*** Opening Dataset excerpts ***
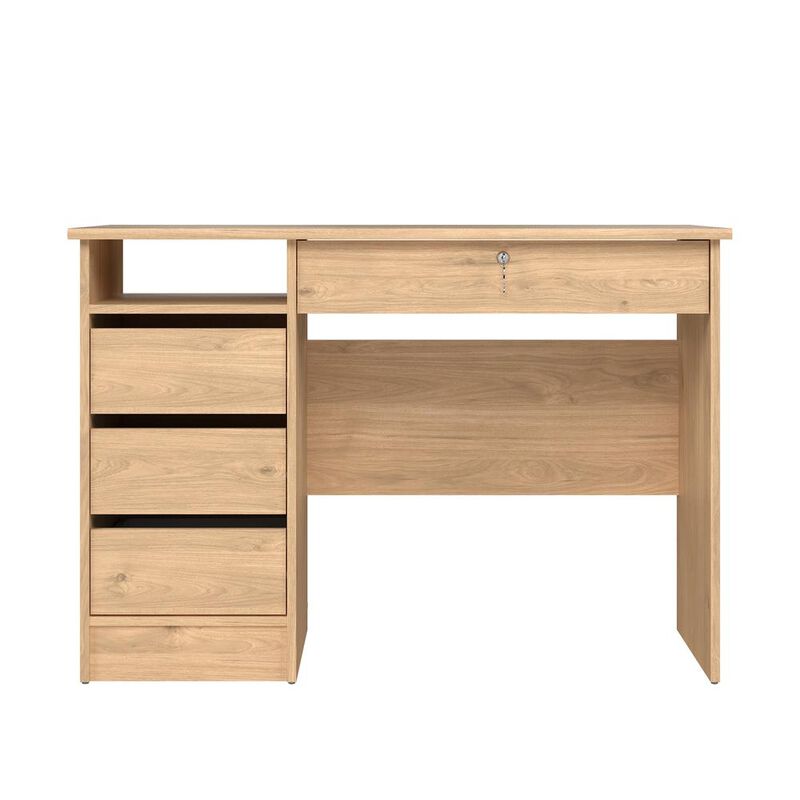 Tvilum Wescot Home Office Writing Desk with 4 Drawers and Open Shelf, Jackson Hickory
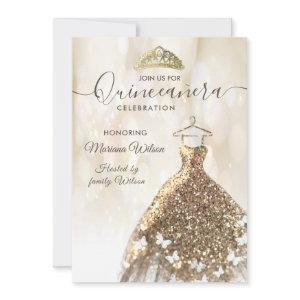 Modern bokeh Gold butterfly dress tiara Quince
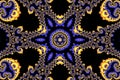 Abstract mandala background with circular ornament in blue and yellow color on black background Royalty Free Stock Photo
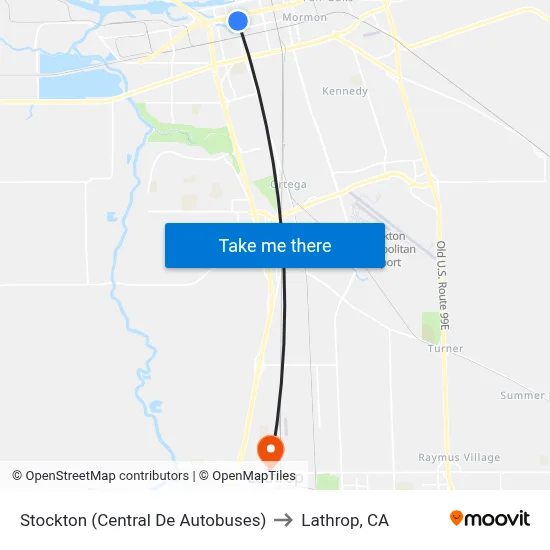Stockton (Central De Autobuses) to Lathrop, CA map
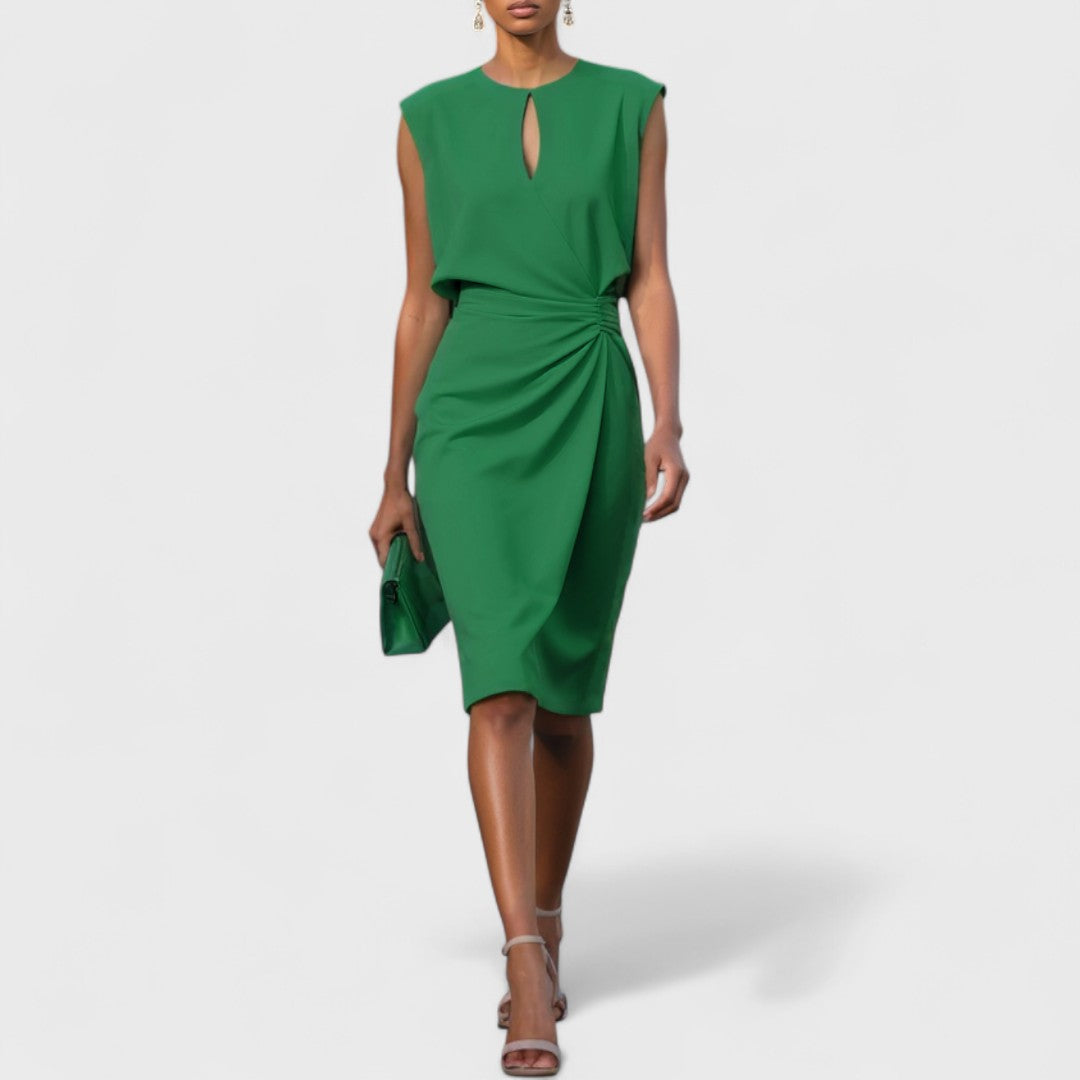 Sharon | Women's Sleeveless Keyhole Neck Ruched Midi Dress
*** Closing Dataset excerpts ***
Exactness is what counts here: copy each entry as given and omit its pictures.

 Tvilum Wescot Home Office Writing Desk with 4 Drawers and Open Shelf, Jackson Hickory
 Modern bokeh Gold butterfly dress tiara Quince
 Abstract mandala background with circular ornament in blue and yellow color on black background Royalty Free Stock Photo
Stockton (Central De Autobuses) to Lathrop, CA map
 Sharon | Women's Sleeveless Keyhole Neck Ruched Midi Dress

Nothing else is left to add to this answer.